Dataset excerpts
• • • • • • •

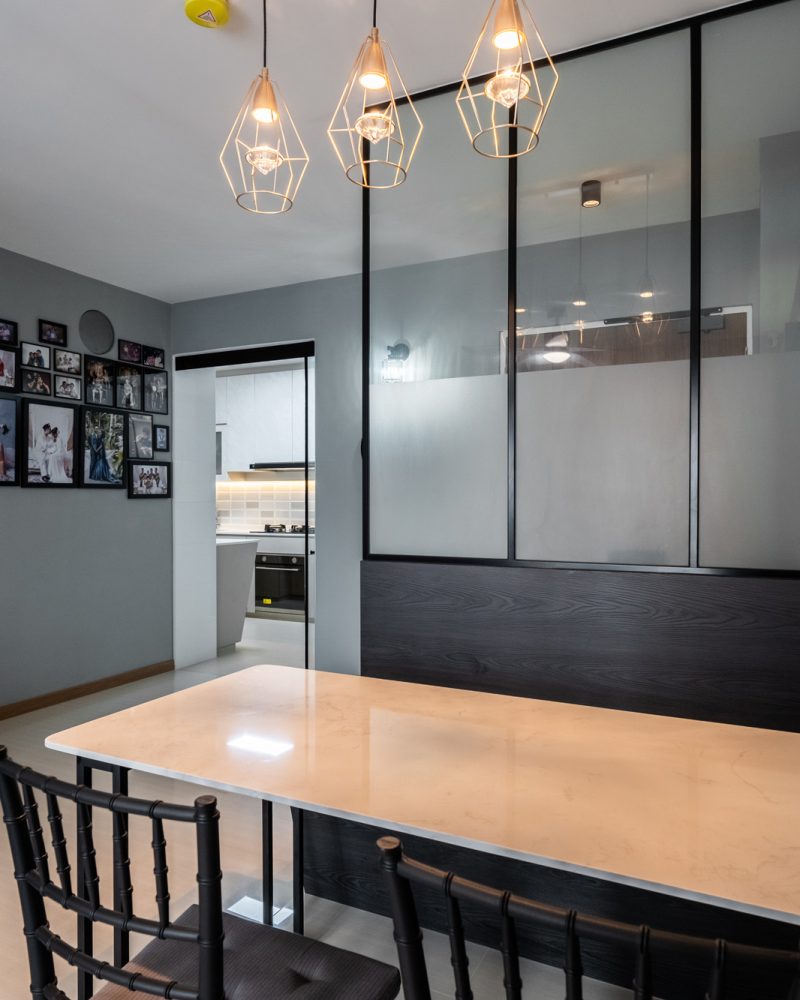 DSC02263-HDR DSC02263-HDR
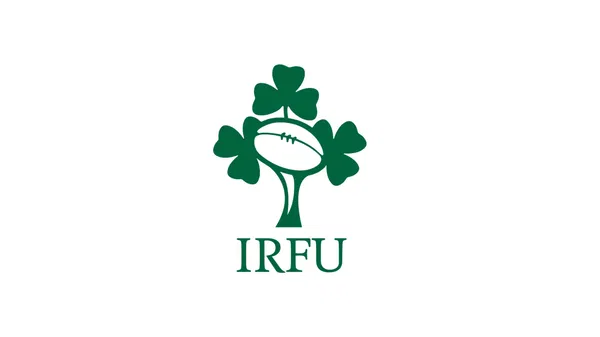 Ireland vs Wales Six Nations Rugby | Aviva Stadium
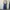 Baggy jeans fit ballons super wide unknownbrand   photo 1
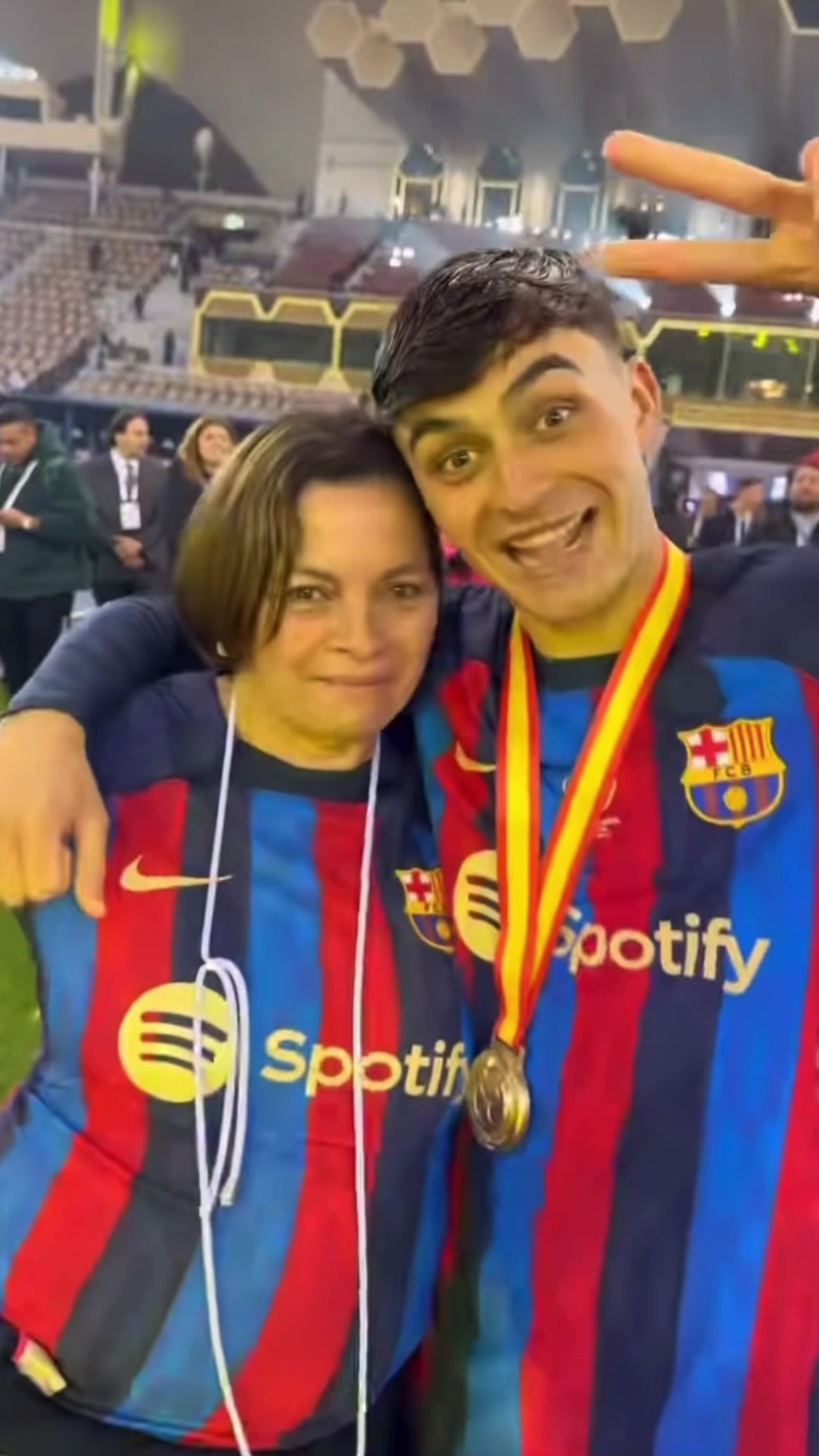 @🇪🇸🇦🇷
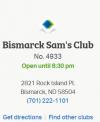 Photo for Sam's Club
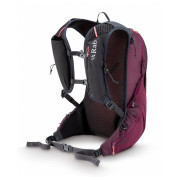 Mochila de senderismo Rab Nitron 18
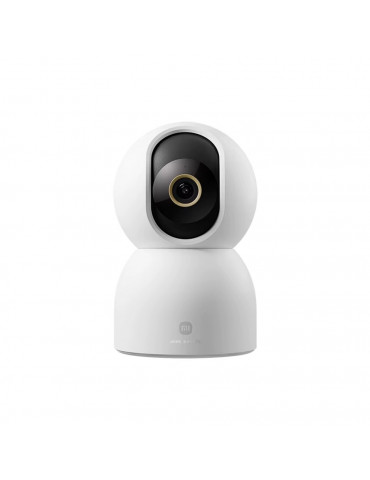 XIAOMI SMART CAMERA C700 4K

• • • • • • •

Repeat the records above exactly, without any pictures.

 DSC02263-HDR DSC02263-HDR
 Ireland vs Wales Six Nations Rugby | Aviva Stadium
 Baggy jeans fit ballons super wide unknownbrand   photo 1
 @🇪🇸🇦🇷
 Photo for Sam's Club
 Mochila de senderismo Rab Nitron 18
 XIAOMI SMART CAMERA C700 4K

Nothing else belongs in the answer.